An Update to a previously listed item. Our 3 day Snow Goose hunt with Neu Outdoors ( www.neuoutdoors.com ) is now a full field hunt meaning up to 8 guys!!!! Its good for both Missouri or South Dakota, this season or the next. 2000 decoys, no limits, and no plugs boys! Gunna be a hot item at the banquet!


----------



## Burritoboy (Oct 21, 2011)

Another quick update to a previously listed item,  the decoy that Matt Defore carved for our banquet just won the competition for the state of Georgia.

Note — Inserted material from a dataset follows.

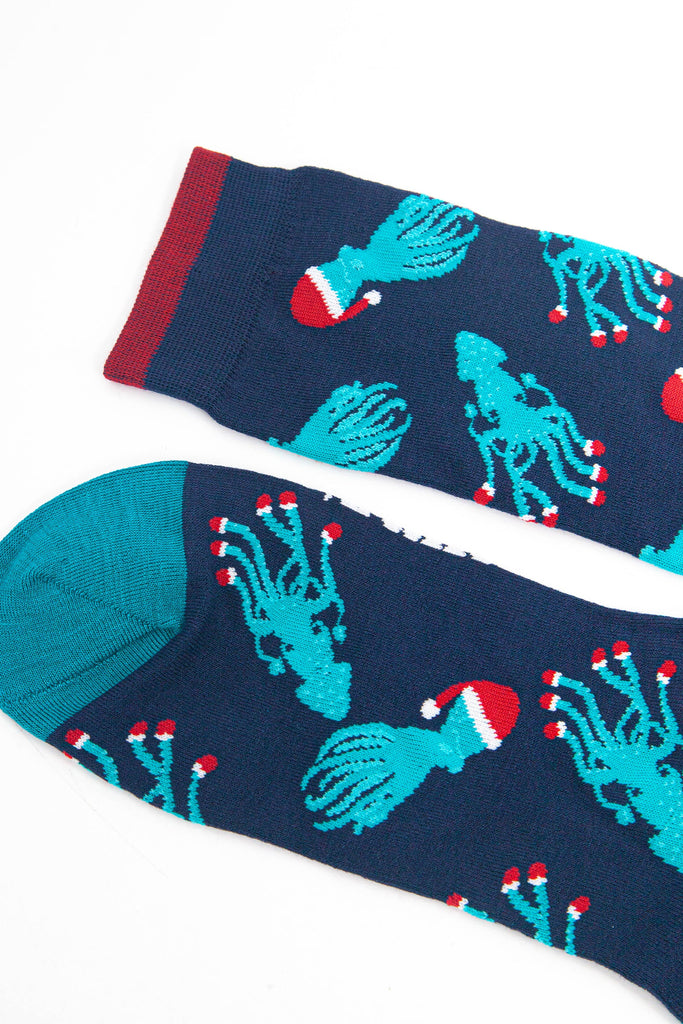 close up of the toe and cuff, the toe is teal blue, the cuff has burgundy red stripe on the edge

We are not holding anything back for this banquet, it is going to be an incredible night.  If you have never experienced the cooking from the Seafood man, that alone is worth the price of admission.  

I hope that you will make plans to be there, grab a few friends and make a night of it.  Who knows you might just walk out with some incredible items that will last a lifetime.  As they say "today could be the day."

PM me if you need tickets or information.  You can also find our chapters information on Facebook.  Just search Middle Georgia Delta Waterfowl Chapter.  This link might take you there: http://www.facebook.com/groups/107797249320437/

It is our goal to host the Finest Waterfowl Banquet in the state and we hope that you will come out and experience it with us on November 5th.


----------



## killerv (Oct 21, 2011)

the seafood guy is unreal, people will buy tickets just for that. Y'all save me some because I'll be coming out of the deer woods and may get there a little late.


----------



## Burritoboy (Oct 21, 2011)

killerv said:


> the seafood guy is unreal, people will buy tickets just for that. Y'all save me some because I'll be coming out of the deer woods and may get there a little late.



we will, that is another great thing about the seafood guy.  He guarantees that you won't run out of food.  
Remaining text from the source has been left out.